Well in my opinion every photon seems to have an individual frequency because of its vectoral movement's difference from our vectoral movement in space-time..

Just my opinion :shy:

15. Apr 5, 2005

### locke

No need to worry, I'm familar with basic quantum phenomena. If such a thing exists...

16. Apr 5, 2005

### Almeisan

I would like to add a question. I am not sure if it is a relevant one.

I understand a photon is a flip flopping field of magnetism or electricity, the one creates the other.

Now I do not know the math of alof of physics and I am always told you cannot understand the elegane of physics without knowing the math.

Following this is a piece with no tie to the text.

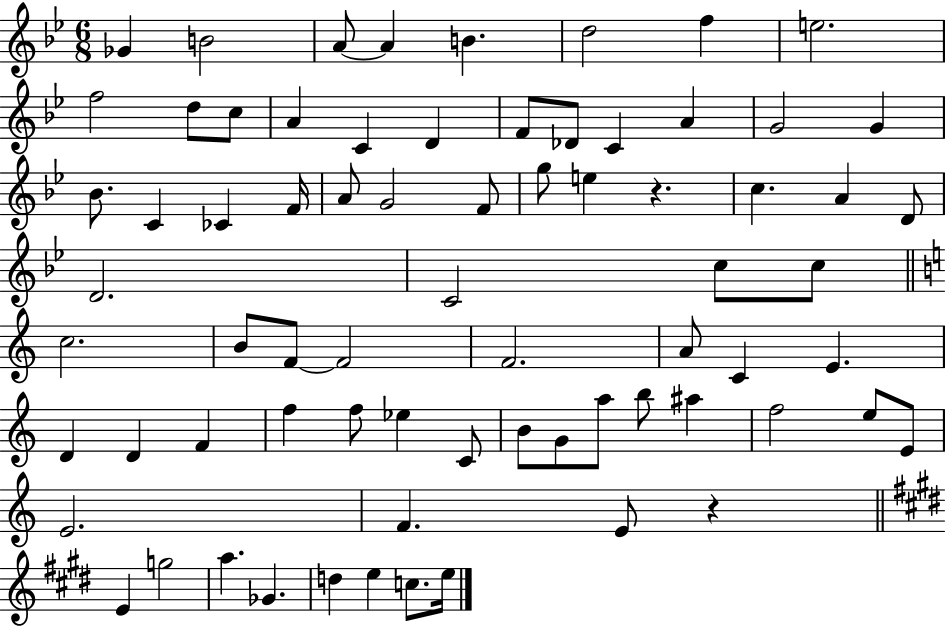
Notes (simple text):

I would assume there is a formula which shows this elegance, the interchange of both kinds of energy, the field of one type changing into the other, am I right? Could someone point me into the right direction?

17. Apr 6, 2005

### Billy T

Yes there is. It is Maxwell's equations of EM waves, but as you say you don't know much physics, the following may help:

The energy stored in either a magnetic or electric filed is proportional to the square of the field amplitude. You can think of the photon's electric field as a function of time as given by a sin function and its magnetic field as described by a cos function. When the sin function is at its max amplitude, the cos has zero amplitude and conversely. The photon does not lose any energy as it switches back and forth between magnetic and electrical storage because:

SIN^2 + COS^2 = 1

from all times (all phases of the alternation between magnetic and electric energy storage).